Yasak kardeşim! Bu ülkede siyaset konuşmak da yasak! Kim olursan ol, bu ülkede siyaset konuşursan; birisi gelir, kafana darbeyi vurur, seni al-aşağı eder.
Türkiye Genel Seçimlerinde ister %50 oy al, ister % 80, hatta istersen %99… İster tek başına iktidara gel, istersen koalisyon hükümeti kur. Çok sınırlı bir alanda yasama faaliyetlerini yürütmek zorundasın. Tek başına iktidarken, parlamentodaki başka partileri yanına alsan bile, yapacakların sınırlı.
Yasak kardeşim! Bu ülkede çocuk doğurmak da yasak. Çünkü bu ülkede, henüz doğmamış çocuklara don biçmeyi sevenlerin sayısı oldukça fazla. Sen bir laf atarsın ortaya, hemen cevabını alır, oturursun. Üstelik cevap veren de, o konu hakkında yetkili değil.
Maalesef, ülkemizde konu siyaset olunca yasakların listesi de oldukça uzuyor. Demokrasi, halk iradesinin üstünlüğü, anayasanın üstünlüğü, eşitlik, özgürlük gibi kavramların hepsi, aslında bir noktaya kadar işliyor ülkemizde.
Demokrasiden dem vursak, bu defa karşımıza yeni kavramlar çıkıyor: Çoğunlukçu demokrasi, çoğulcu demokrasi… Ülkemizde siyasi iradeye sahip olanlar, eğer çoğunluğu ele geçiriyorlarsa, azınlıkta kalanı ezmeye, onları yok saymaya başlayabiliyorlar. Kısaca çoğunlukçu demokrasiyi uyguluyorlar. Oysa demokraside, yönetici çoğunluk, azınlıkta kalanı dinlemeyi bilmeli, onlarla işbirliği içinde çalışmalıdır. Tabii ki bu demek değildir ki, iktidarı ele geçiren, azınlıkta kalanın her istediğini yapacak. Fakat yasama organındakiler, azami düzeyde işbirliği içinde olmalıdırlar. Çünkü çoğunlukta olanlar bilmelidirler ki bir gün azınlığa düşebilirler.

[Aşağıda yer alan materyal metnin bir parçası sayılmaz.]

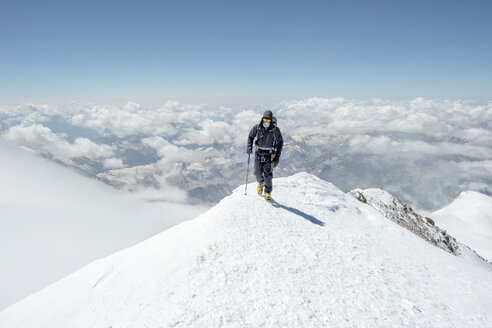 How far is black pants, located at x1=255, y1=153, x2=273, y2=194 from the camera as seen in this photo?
13.3 meters

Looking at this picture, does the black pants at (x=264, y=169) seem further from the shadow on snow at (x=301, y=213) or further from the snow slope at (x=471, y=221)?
the snow slope at (x=471, y=221)

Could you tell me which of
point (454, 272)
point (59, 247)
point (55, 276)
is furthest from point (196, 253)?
point (59, 247)

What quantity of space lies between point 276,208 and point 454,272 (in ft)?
24.4

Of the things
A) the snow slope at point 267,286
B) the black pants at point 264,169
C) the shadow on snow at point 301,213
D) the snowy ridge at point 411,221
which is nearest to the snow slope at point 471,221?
the snowy ridge at point 411,221

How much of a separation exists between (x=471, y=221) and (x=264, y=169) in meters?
125

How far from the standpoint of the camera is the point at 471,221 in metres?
Result: 94.2

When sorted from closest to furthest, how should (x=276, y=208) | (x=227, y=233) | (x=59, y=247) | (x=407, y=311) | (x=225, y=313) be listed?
1. (x=225, y=313)
2. (x=407, y=311)
3. (x=227, y=233)
4. (x=276, y=208)
5. (x=59, y=247)

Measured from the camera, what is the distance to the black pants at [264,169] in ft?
43.7

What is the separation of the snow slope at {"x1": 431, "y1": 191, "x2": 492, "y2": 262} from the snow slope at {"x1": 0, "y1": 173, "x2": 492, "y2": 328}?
8031 cm

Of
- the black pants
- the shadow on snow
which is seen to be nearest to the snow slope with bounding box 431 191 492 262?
the shadow on snow

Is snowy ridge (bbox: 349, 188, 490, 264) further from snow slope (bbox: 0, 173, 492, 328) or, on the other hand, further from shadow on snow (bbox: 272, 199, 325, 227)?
snow slope (bbox: 0, 173, 492, 328)

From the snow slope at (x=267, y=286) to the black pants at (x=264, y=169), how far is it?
8.67 feet

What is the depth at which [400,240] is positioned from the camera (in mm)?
12172

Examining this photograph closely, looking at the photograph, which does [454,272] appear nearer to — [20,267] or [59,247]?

Yasak kardeşim! Bu ülkede türban takmak ve o halde, eğitim hakkından yararlanmayı istemek yasak. Anayasanın eşitlik ilkesini savunarak, eğitim görmek isteyenler, eğer türban takıyorlarsa; onların eğitim hakkı ellerinden alınabiliyor. Gerekçesi ne peki? Türban siyasi bir simge olabilirmiş. Türban taktığınız zaman, demokratik, laik cumhuriyete darbe vurmuş oluyormuşsunuz. Siyasi simgeler yasakmış. Geçmişte kravat bağlama şekillerine göre, ülkemizde yaşayan insanlar siyasi kimliklerini ortaya koyuyorlardı. O dönemde de kravatı mı yasaklamamız gerekiyordu? Ya da MHP’nin mevcut siyasi simgesi, el ile kurt simgesi yapmak. Ne yani, kurt, MHP’nin siyasi simgesi diye, ülkemizde yaşayan tüm kurtları öldürmemiz mi gerekiyor? Ya da MHP’lilere, “Kardeşim siyasi simge olarak ‘kurt’u kullanamazsın mı demeliyiz?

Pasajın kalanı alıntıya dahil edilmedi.